CRS must be preserved
The output GeoDataFrame should use the raster CRS:
gdf = gpd.GeoDataFrame(records, crs=crs)
If the output does not align with other layers, the problem is usually CRS assignment or later reprojection.
Invalid geometries can appear
Polygonized output can sometimes include invalid geometries, especially from complex raster edges. Check validity if later overlay operations fail:
invalid = ~gdf.is_valid
print(gdf[invalid])
Large rasters can be slow to polygonize
Very large rasters can be slow and memory-intensive to process. The output can also contain complex or multipart geometries. In practice, it often helps to clip the raster to the area of interest first.
Internal links
If you need background on when this workflow makes sense, see Raster vs vector data in GIS.
Related next steps:
If your output layer does not line up with other data, see How to fix CRS mismatch errors in GeoPandas.
FAQ
How do I convert a raster to polygons in Python?

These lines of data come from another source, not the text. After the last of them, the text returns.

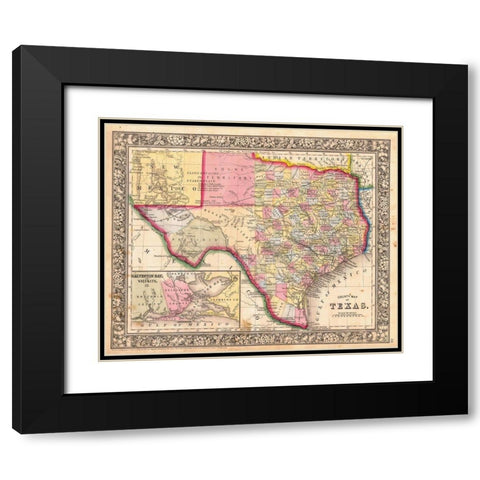County Map Of Texas, 1864 Black Modern Wood Framed Art Print with Double Matting by Mitchell, Samuel Augustus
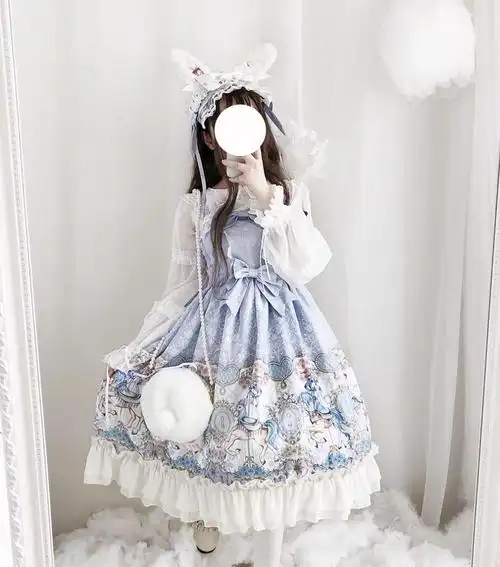 洛丽塔裙子旋转木马jsk可爱少女洋装lolita单件吊带蓬蓬裙连衣裙【3月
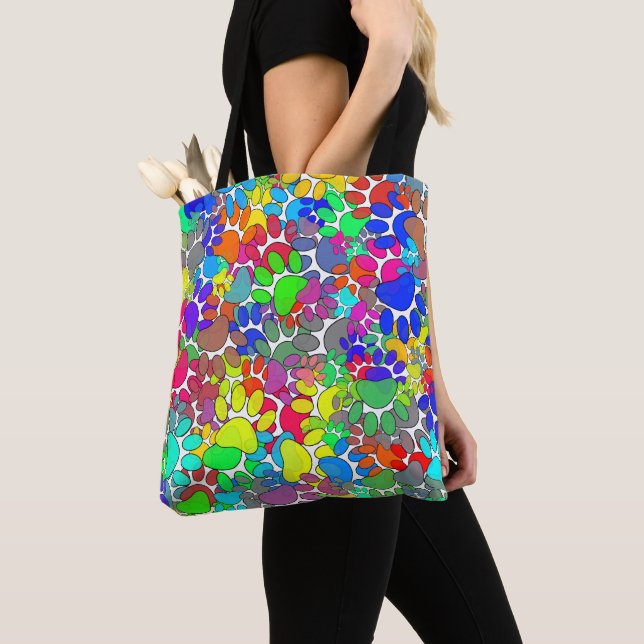 Tote Bag Beaucoup D'Empreintes de pattes De Chiens Partout (De près)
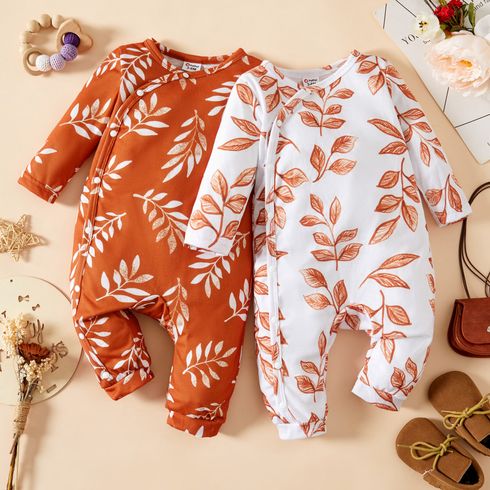 Baby Girl Leaves Print White/Brown Long-sleeve Jumpsuit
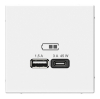 Розетка USB ArtGallery тип А/тип С высокоскор. заряд 45W QC PD (белый) GAL000129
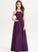 Neckline Chiffon Annalise Lace Floor-Length Square Bow(s) Junior Bridesmaid Dresses With A-Line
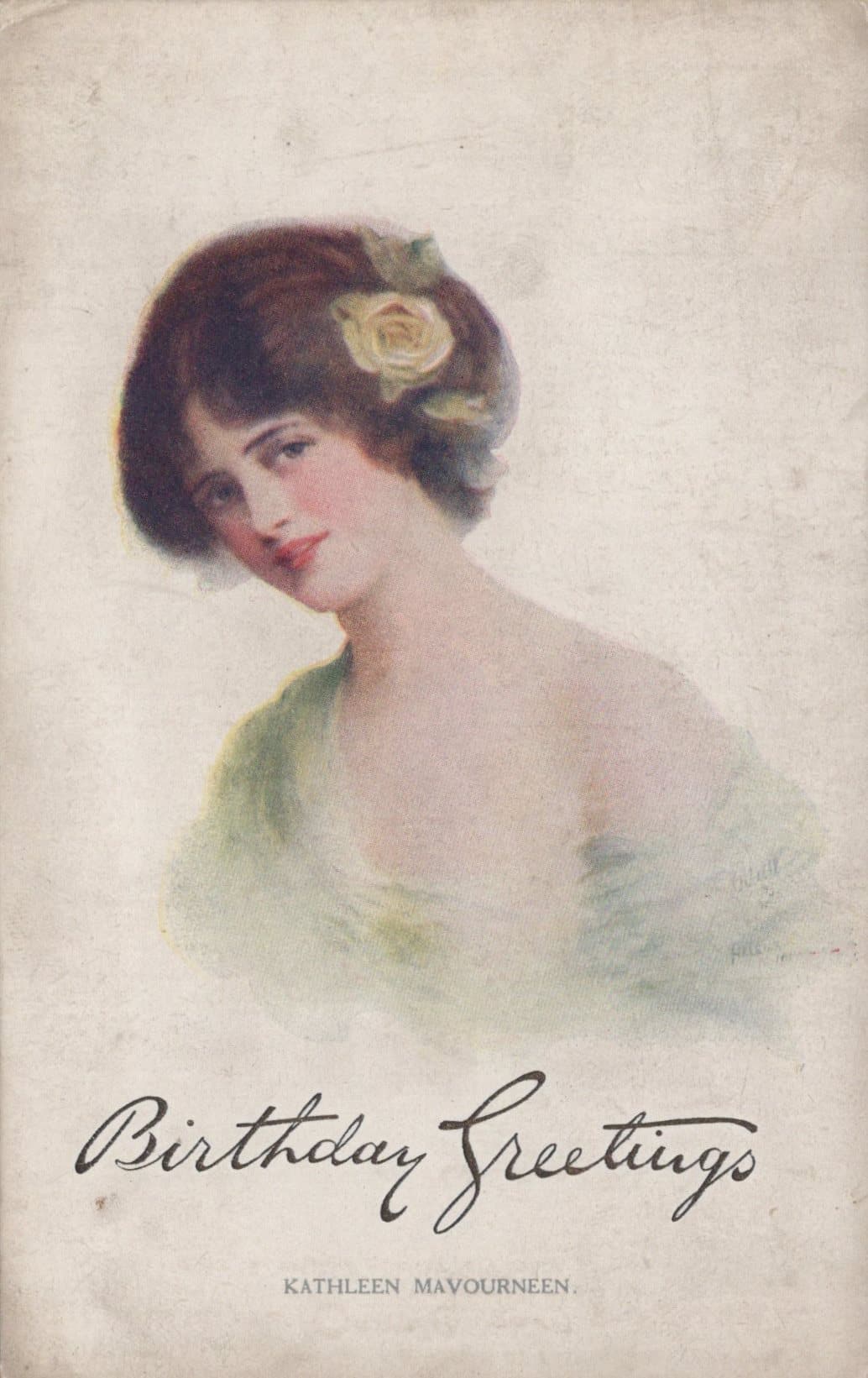 Greetings Postcard - Glamour - Birthday Greetings - Kathleen Mavourneen Song - Mo’s Postcards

Use rasterio to read the raster and rasterio.features.shapes to extract polygon geometries from grouped pixel regions. Then store the result in a GeoDataFrame and export it.
What Python library is used to polygonize a raster?
The standard tool is rasterio.features.shapes. GeoPandas is commonly used after that to manage and save the vector output.
Can I convert only one raster value to vector polygons?
Yes. Build a mask such as band == 1 and polygonize only that class. This is common for binary masks like flooded versus not flooded.
Why does raster to vector conversion create too many polygons?
This usually happens when the raster is continuous or noisy. Many unique values or isolated pixels create many separate polygon regions. Reclassification or filtering is often needed first.
How do I save polygonized raster output as a Shapefile or GeoJSON?
Use GeoPandas:
gdf.to_file("output.shp")
gdf.to_file("output.geojson", driver="GeoJSON")
Shapefile is widely supported, while GeoJSON is often easier for web and exchange workflows.